The number of potential drilling opportunities is slightly lower than in 2015 due to the disposition of some lower working interest lands and economic factors.
The Duvernay Carbonate light oil horizontal project lands acquired in the first quarter of 2016 could yield an incremental four potential horizontal drilling opportunities per section. The Company acquired over 12 sections of 100% working interest lands.
2016 PRODUCTION AND CAPITAL PROGRAM
The Company estimates production will be approximately 1,500 to 1,600 BOED (42% oil, condensate and NGL) for 2016. Production in the first quarter of 2016 is estimated to be 1,750 to 1,850 BOED (42% oil, condensate and NGL). This estimate assumes no drilling is undertaken in 2016 and reflects the recent shut-in of approximately 43 BOED of uneconomic gas production. The Company’s capital budget of $3 million is restricted to maintenance capital, capitalized G&A and land acquisition (net of dispositions).

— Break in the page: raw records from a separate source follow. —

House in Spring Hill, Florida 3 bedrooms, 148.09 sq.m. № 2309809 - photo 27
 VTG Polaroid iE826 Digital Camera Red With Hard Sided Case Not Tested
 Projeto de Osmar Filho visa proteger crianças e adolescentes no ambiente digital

The price trigger to consider starting up a new drilling program is estimated to be approximately $50 WTI US per bbl. Where possible, Anderson tries to achieve a 12 month or less payout on new drilling projects and the combination of capital costs, operating costs, fiscal regime and commodity prices are the variables that need to be determined prior to undertaking a capital program. As well, the Company will complete its May 2016 bank line review before undertaking a drilling program. The details of the royalty review need to be completed by the Alberta government and evaluated by the Company, as it could impact whether the Company drills in 2016 or waits until 2017.
|December 31, 2015||December 31, 2014|
|Total active wells||406||270.0||640||391.4|
In 2015, significant progress was made in focusing the Company’s asset base into the core Cardium operating areas and divesting or shutting in production outside of these focus areas. 199 wellbores were sold and 48 wellbores were abandoned in 2015 resulting in a 37% reduction in the gross active well count (31% reduction in net active well count). In addition, reclamation certificate applications were submitted to the AER for 28 gross (23.7 net) abandoned wells and one reclamation certificate was received. It is expected that reclamation certificate applications will be submitted for a similar number of wells in 2016.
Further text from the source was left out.